Os demais setores do empresariado merecerão tratamento correto, transparente e pautado pelas leis do mercado.
Mais importante do que discutir "com quem" faremos alianças, é definir em torno de que objetivos elas serão feitas. Nossa posição é clara: propomos alianças em torno do programa democrático e popular.
Também é importante esclarecer que não limitamos nossa política de alianças aos partidos. É imprescindível ir além, englobando no bloco democrático e popular, de maneira formal ou informal, o movimento sindical, as entidades estudantis, os movimentos pela saúde, educação, habitação, terra, direitos humanos, democratização da comunicação etc.
Para os partidos vale o mesmo critério: no primeiro turno, as alianças se darão em torno do programa.
Compreendemos que só com unidade e luta se constrói uma política de alianças efetiva. Por isso devemos estabelecer um diálogo crítico com nossos potenciais aliados, particularmente com aqueles partidos que nos apoiaram no primeiro turno das eleições de 89, com o PPS, com o PV, com os setores progressistas do PSDB e, inclusive, com parcelas do PMDB e do PDT.
Hegemonizado pelo pensamento neoliberal, aproximando-se do fisiologismo e servindo de cobertura, em vários estados, para os setores conservadores, o PSDB vem tentando se constituir em chefe da "terceira via". Uma aliança com os tucanos supõe, portanto, uma radical mudança na sua conduta atual.
Aliás, a maior parte de nossos potenciais aliados - com exceção do PC e do PSTU - integram o governo Itamar, ao qual nos opomos. Por isso, o PT deve fazer gestões para que o PC do B, o PPS, o PSB e o PSDB rompam com o governo.
No caso do PDT, o controle imposto por Leonel Brizola e suas pretensões presidenciais praticamente inviabilizam uma aliança no primeiro turno. Entretanto, no segundo turno, deve-se ter em mente a necessidade de atrair este partido, como ocorreu em 1989.
As eleições de 1994 serão casadas: presidente, governadores, deputados e senadores. Por isso, a política de alianças no primeiro turno deverá ser obrigatoriamente nacional. Ou seja: definiremos nacionalmente quem o PT considera seus aliados. Isso não quer dizer que, nos estados, o PT deva obrigatoriamente aliar-se com aqueles que, nacionalmente, são considerados aliados. Isso dependerá das negociações, das condições, dos candidatos postos etc.
O PT nacional deve acompanhar as negociações desenvolvidas nos estados, a quem caberá a decisão, garantindo que prevaleçam os interesses nacionais do partido. É bom lembrar que construir alianças é um dos nossos objetivos, mas não o único.

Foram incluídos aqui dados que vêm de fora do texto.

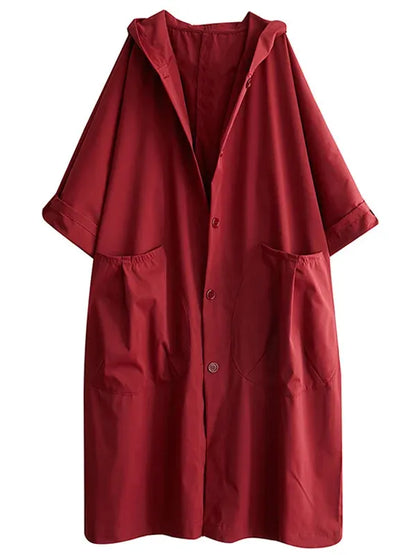 Damen Trenchcoat – Oversized Passform – Wasserabweisend – Mit Kapuze & Taschen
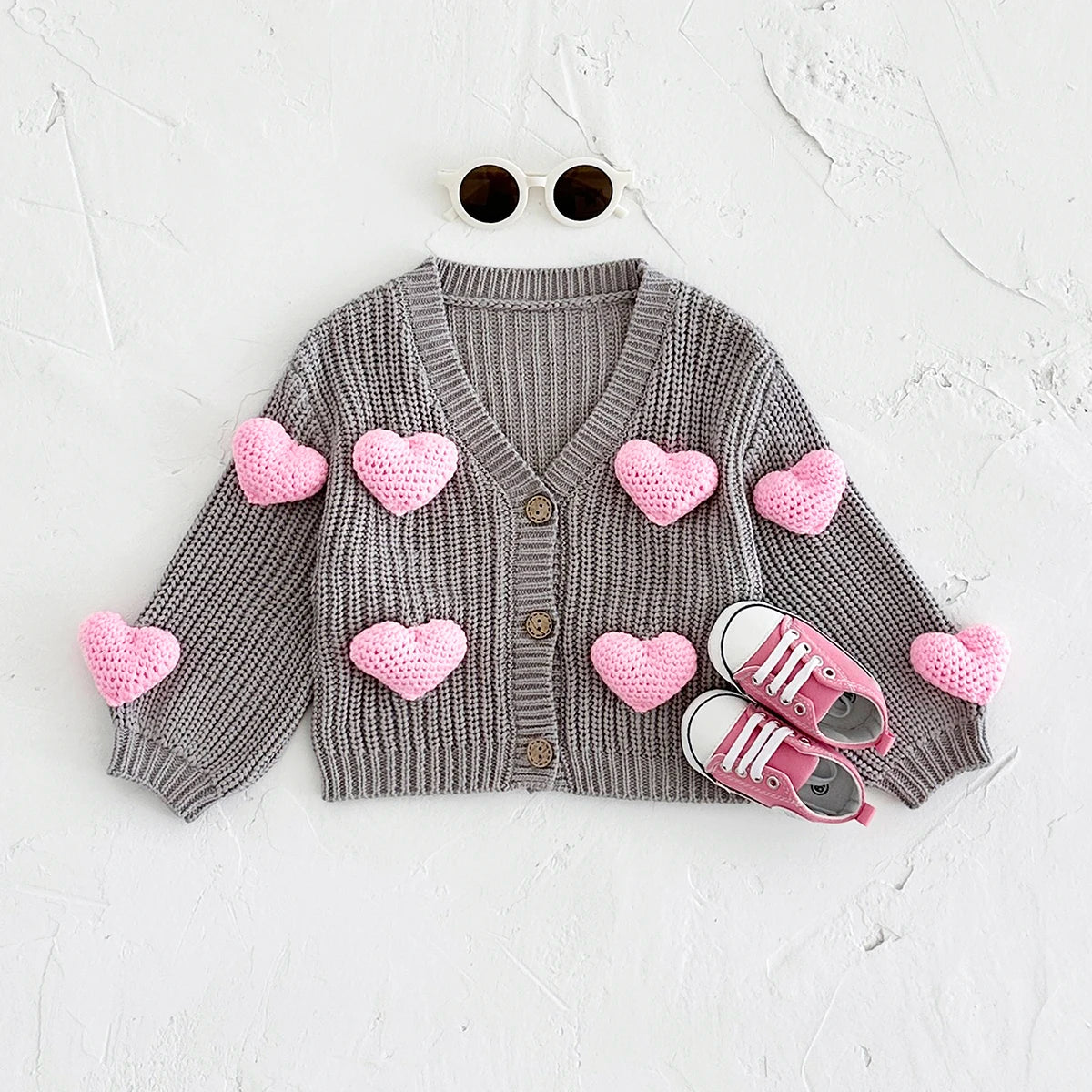 Baby Girls Autumn Winter Long Sleeve 100% Cotton Breathable Sweater Cardigan Jacket Newborn Love Soft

Agindo assim, evitaremos vários erros como, por exemplo, o de realizar alianças estaduais com partidos que estão fora de nosso arco de aliados (como ocorreu em vários municípios de Goiás, onde o PT local fez alianças com o PFL). Ou o de recusar, de pronto, por sectarismo, alianças estaduais com partidos que fazem parte de nosso leque de alianças.

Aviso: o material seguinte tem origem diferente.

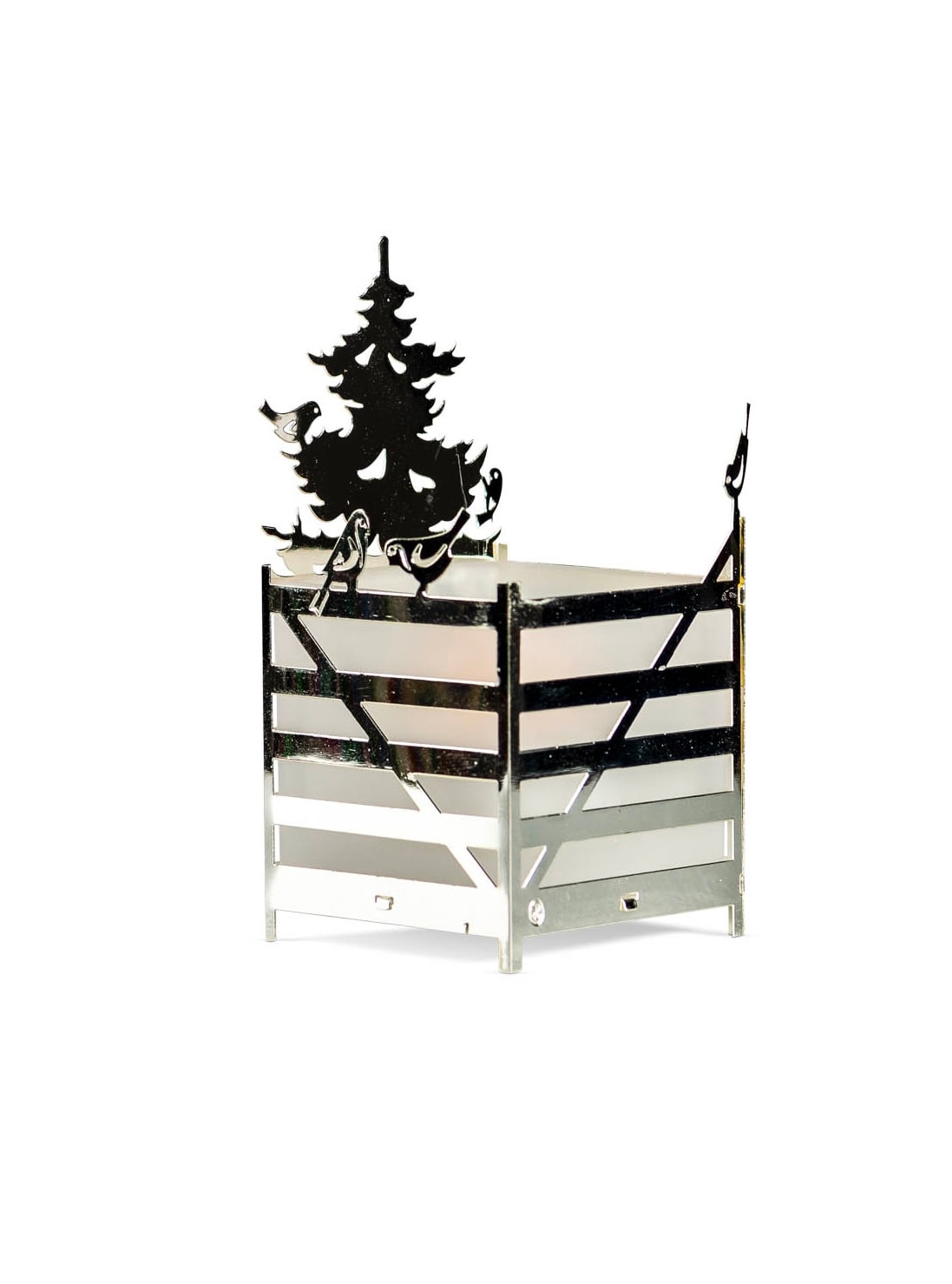 Winter Forest, Tealight Holder with Birds, Silver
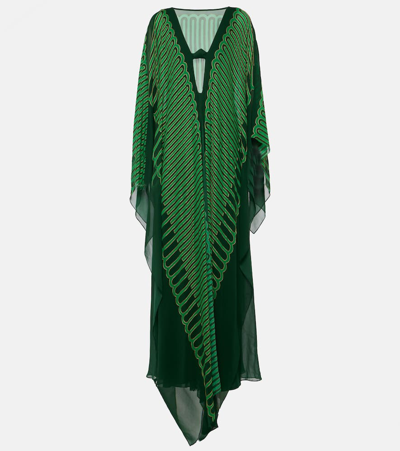 Shop Johanna Ortiz Printed Silk Georgette Kaftan In Green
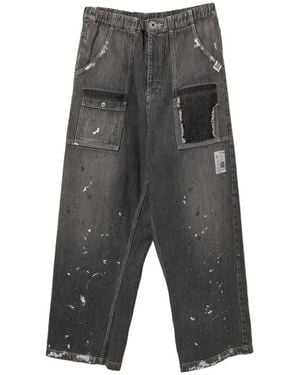 Maison Mihara Yasuhiro Logo-Patched Wide-Leg Jeans - Grey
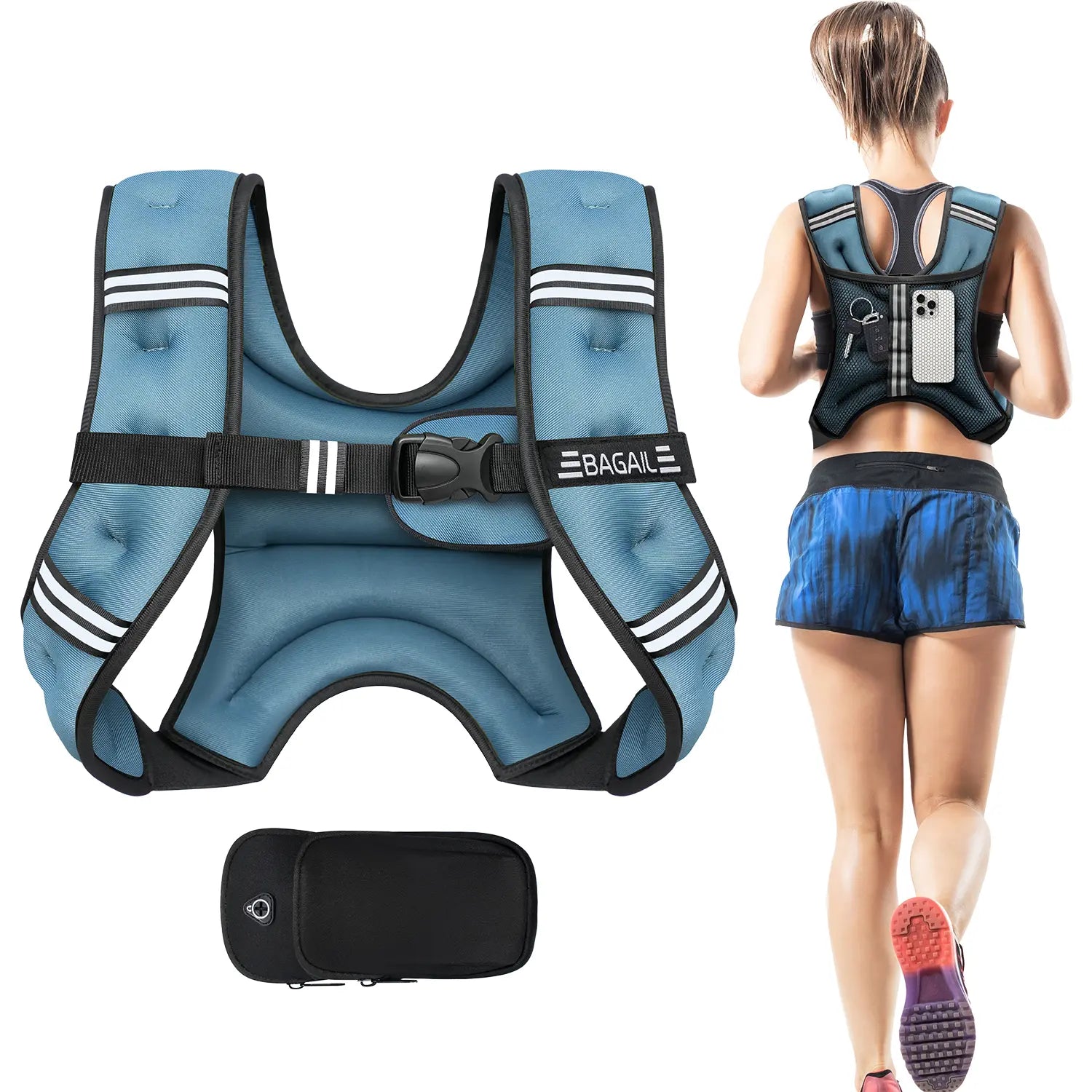 Bagail Adjustable Weighted Vest with Removable Phone Pouch - Weight Options from 5 to 30 Pounds for Men and Women - Perfect for Walking, Rucking, Weight Loss, and Fitness Training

Em qualquer hipótese, contudo, o que deve prevalecer é a democracia. Quando os estados adotarem políticas que estejam em choque com os interesses nacionais do PT, caberá à direção nacional convencer a militância local, através do debate político, a mudar de posição. No PT não cabem atitudes autoritárias, burocráticas, centralistas. Até porque é a militância que carrega nossas bandeiras e nossa estrela.
Rui Falcão é deputado estadual PT/SP e membro da Executiva Nacional.